- Hangul: 병풍도
- Hanja: 屛風島
- RR: Byeongpungdo
- MR: Pyŏngp'ungdo

= Byeongpungdo =

Island in Jindo County, South Korea

Byeongpungdo, or Byeongpung Island, or Pyeongpung is an uninhabited island in South Korea's Dadohaehaesang National Park, with an area of 0.56 square kilometers. It is located at the southern extremity of Jindo County, South Jeolla Province, in the administrative division of Donggeochado-ri, Jodo-myeon.

The island is formed from Cretaceous-era volcanic rock of the Yucheon Group, part of the Gyeongsang System which underlies much of South Korea. Although there is some vegetation, including thick groves of bay trees, the central part of the island consists solely of bare rock, rising sharply to a height of 129.4 meters above the water.

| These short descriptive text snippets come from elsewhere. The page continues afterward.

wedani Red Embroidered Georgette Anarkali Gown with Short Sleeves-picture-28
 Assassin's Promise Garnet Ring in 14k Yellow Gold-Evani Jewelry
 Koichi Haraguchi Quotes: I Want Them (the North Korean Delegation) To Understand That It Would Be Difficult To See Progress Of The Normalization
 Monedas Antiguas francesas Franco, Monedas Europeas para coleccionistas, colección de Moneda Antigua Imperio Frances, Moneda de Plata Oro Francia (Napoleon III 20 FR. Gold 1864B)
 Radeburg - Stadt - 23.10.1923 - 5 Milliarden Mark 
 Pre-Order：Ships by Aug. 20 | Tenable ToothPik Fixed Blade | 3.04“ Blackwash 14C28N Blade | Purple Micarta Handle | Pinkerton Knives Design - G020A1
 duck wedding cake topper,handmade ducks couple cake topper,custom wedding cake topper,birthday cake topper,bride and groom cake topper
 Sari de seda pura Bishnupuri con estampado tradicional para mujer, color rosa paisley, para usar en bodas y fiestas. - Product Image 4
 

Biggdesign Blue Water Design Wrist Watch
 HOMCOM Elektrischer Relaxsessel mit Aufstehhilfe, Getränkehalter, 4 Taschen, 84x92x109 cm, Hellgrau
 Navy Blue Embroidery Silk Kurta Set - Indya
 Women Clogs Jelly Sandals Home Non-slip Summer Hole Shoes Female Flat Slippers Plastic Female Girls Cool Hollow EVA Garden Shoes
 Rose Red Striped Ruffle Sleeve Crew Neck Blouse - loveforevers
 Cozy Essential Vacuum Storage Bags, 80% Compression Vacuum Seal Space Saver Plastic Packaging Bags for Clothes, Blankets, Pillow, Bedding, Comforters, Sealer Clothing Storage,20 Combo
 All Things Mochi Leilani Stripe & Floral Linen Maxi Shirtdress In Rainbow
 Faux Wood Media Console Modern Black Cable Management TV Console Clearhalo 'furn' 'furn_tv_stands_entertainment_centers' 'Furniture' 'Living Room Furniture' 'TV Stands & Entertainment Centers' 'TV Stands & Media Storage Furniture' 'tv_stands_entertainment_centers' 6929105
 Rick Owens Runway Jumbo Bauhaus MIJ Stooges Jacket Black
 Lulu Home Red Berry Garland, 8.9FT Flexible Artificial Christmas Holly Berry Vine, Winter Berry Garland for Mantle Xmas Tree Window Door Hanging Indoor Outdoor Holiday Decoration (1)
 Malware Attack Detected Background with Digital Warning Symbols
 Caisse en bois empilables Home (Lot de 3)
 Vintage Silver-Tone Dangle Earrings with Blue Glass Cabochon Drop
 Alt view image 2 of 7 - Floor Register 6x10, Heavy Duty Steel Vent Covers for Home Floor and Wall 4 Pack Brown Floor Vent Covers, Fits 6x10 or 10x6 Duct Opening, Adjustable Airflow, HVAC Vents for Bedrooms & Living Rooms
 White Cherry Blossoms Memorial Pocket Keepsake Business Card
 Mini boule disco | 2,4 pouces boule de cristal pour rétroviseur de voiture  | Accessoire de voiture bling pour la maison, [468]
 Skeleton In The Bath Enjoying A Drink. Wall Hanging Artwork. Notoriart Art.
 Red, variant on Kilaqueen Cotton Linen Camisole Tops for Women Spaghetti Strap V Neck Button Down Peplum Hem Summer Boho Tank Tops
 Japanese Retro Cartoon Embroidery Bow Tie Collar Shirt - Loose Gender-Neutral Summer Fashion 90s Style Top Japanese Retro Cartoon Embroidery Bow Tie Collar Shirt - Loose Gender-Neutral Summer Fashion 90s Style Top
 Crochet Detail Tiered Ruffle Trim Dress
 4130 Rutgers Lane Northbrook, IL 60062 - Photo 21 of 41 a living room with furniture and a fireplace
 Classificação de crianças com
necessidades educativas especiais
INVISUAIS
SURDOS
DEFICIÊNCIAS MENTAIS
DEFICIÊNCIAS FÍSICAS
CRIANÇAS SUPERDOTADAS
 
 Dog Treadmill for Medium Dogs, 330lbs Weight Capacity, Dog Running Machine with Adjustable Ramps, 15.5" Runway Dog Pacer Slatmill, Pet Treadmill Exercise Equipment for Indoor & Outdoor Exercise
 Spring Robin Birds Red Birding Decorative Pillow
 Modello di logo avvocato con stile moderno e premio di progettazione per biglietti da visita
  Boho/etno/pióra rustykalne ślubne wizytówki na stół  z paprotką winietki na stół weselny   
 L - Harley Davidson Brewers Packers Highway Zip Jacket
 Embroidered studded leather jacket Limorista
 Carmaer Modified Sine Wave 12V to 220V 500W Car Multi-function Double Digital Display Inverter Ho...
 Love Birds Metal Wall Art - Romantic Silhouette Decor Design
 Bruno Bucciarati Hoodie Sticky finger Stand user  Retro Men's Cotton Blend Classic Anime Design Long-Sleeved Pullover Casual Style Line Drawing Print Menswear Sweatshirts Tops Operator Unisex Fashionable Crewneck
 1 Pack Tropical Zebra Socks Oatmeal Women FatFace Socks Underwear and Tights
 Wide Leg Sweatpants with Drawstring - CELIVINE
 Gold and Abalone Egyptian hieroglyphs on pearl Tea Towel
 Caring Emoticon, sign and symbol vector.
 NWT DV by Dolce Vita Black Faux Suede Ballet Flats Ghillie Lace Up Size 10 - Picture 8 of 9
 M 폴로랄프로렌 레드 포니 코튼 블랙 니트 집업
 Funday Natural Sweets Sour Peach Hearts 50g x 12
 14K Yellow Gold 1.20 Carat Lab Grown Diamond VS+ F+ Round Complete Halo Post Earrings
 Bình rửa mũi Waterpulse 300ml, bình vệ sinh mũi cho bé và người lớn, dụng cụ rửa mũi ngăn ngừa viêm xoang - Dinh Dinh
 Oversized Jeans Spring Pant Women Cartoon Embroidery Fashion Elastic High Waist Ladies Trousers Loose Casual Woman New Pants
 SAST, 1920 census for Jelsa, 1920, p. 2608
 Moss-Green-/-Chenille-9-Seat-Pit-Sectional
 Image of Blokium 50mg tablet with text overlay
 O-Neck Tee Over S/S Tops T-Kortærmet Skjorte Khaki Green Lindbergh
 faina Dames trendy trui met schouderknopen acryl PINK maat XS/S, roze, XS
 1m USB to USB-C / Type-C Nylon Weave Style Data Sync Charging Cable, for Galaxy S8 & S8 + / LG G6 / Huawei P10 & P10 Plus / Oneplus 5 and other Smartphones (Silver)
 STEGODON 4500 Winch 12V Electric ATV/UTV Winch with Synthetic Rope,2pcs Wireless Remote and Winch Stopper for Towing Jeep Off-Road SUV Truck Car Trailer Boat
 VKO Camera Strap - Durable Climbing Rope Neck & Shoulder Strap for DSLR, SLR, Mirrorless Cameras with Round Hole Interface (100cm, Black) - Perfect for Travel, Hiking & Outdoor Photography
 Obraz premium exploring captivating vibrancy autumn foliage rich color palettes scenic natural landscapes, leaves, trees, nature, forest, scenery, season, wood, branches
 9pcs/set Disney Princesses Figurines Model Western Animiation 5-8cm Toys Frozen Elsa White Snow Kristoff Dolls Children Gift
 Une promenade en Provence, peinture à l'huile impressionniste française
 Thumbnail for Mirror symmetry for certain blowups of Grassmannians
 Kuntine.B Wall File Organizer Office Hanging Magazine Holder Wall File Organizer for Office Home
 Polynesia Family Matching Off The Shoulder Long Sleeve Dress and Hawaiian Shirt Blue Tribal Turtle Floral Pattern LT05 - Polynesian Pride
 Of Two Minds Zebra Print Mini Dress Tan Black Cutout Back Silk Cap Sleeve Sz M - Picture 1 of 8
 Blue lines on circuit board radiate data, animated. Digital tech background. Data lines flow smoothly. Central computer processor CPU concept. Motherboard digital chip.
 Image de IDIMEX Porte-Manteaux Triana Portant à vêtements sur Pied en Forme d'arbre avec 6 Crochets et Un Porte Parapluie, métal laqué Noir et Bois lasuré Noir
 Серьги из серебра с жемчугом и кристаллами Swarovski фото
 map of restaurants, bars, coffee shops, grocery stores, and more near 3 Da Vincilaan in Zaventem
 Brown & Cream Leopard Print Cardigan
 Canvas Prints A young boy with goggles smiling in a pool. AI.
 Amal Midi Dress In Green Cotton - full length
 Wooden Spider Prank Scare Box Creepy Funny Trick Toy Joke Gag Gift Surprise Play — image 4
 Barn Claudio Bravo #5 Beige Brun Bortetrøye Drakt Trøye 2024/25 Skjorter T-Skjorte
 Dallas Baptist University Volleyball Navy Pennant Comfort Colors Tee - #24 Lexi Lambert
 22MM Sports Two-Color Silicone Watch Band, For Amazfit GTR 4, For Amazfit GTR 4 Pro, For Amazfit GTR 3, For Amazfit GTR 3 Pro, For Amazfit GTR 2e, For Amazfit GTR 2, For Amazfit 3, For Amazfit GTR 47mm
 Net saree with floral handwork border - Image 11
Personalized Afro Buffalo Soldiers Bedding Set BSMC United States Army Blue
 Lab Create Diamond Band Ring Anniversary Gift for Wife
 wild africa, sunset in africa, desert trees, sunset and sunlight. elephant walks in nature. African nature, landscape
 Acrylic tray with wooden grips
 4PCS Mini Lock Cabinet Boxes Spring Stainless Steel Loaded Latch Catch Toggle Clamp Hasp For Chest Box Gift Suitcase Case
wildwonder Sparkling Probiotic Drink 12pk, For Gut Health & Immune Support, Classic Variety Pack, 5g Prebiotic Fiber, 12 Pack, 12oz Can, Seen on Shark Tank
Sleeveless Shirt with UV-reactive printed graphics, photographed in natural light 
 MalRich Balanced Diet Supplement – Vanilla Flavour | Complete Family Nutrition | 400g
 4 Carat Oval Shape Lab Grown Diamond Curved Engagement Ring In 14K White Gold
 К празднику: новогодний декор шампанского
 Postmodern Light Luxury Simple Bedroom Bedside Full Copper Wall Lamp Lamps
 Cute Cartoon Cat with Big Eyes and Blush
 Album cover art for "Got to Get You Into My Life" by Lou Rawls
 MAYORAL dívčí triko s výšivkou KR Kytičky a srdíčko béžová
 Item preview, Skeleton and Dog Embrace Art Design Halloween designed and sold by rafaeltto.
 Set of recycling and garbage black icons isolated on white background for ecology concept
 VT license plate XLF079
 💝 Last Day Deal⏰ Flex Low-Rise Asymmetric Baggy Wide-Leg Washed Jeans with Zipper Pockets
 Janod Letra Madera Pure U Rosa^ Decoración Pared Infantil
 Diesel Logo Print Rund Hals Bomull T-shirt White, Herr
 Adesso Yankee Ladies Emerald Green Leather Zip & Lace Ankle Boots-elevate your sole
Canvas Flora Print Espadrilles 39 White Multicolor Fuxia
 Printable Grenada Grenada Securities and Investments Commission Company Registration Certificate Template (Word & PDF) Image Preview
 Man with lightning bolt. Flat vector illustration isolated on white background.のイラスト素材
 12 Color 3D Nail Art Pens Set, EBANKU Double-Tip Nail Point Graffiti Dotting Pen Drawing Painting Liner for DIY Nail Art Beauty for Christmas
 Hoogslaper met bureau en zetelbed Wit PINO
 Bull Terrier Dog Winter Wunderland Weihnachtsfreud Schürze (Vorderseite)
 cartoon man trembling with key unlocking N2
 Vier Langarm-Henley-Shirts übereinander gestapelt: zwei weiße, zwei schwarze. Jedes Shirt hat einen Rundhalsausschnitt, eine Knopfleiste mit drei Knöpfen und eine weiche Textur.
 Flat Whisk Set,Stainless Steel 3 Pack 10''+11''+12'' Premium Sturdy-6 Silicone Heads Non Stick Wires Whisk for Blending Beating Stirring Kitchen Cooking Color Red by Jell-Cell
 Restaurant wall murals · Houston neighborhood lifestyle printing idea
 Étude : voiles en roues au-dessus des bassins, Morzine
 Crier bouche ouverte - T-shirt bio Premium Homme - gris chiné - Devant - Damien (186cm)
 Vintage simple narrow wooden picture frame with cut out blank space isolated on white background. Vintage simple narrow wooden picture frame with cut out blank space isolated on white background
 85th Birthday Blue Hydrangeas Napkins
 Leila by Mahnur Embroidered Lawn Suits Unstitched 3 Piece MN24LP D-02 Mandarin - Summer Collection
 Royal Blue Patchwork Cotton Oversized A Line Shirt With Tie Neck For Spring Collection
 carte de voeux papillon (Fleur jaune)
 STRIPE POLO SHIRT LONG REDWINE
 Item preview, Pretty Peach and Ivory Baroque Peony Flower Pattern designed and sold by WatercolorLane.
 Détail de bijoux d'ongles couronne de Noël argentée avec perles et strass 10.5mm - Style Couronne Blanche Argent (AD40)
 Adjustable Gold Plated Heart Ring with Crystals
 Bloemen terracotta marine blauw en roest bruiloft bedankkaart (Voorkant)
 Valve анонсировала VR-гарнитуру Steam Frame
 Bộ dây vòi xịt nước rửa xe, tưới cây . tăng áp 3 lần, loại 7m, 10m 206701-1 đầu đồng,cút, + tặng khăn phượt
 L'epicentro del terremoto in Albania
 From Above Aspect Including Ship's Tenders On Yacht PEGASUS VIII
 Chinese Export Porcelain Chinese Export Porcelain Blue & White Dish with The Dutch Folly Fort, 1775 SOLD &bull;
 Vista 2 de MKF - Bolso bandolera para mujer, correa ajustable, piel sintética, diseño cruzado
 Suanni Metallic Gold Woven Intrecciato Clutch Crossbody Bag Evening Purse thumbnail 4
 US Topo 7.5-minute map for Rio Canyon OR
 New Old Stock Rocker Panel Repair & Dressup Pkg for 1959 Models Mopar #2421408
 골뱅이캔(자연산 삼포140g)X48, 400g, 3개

Byeongpungdo is home to ten species of rare birds, including the nationally endangered streaked shearwater and peregrine falcon. In 2000 it was designated a specified island under the Special Act on the Preservation of Ecosystem in Island Areas Including Dokdo Island.

On April 26, 2011, due to ongoing natural areas restoration and monitoring, the Korea National Park Service declared Byeongpungdo and four other islands off limits. They will be open for public and tourist access on April 30, 2016.

In April 2014, the MV Sewol ferry capsized north of Byeongpungdo. The island's distinctive crags featured in the background of many press photos of the disaster.